(Short descriptive text snippets)
= = =

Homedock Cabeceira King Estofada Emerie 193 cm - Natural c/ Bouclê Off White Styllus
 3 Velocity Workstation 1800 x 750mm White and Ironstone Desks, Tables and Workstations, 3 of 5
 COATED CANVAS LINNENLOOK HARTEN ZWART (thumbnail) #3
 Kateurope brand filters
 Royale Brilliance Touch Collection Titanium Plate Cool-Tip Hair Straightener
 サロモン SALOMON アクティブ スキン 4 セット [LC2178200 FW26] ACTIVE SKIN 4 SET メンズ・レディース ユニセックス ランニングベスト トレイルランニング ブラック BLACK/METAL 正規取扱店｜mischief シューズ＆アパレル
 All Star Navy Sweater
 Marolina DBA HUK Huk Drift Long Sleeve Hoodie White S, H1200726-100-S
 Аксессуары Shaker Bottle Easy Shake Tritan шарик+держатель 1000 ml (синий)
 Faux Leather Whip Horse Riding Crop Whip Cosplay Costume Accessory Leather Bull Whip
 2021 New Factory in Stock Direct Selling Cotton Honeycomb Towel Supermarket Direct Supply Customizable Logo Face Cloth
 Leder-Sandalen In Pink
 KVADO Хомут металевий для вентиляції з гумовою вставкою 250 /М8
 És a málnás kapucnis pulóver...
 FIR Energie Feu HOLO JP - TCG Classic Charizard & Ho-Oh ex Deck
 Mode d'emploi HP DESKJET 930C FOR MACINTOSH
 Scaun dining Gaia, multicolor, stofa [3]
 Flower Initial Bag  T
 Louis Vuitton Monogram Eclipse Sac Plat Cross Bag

= = =

■ To do: Nothing but the lines from the one containing "Scaun dining Gaia, multicolor, stofa [3]" to the end of the records above should appear, each copied exactly.

■ Reply:
 Scaun dining Gaia, multicolor, stofa [3]
 Flower Initial Bag  T
 Louis Vuitton Monogram Eclipse Sac Plat Cross Bag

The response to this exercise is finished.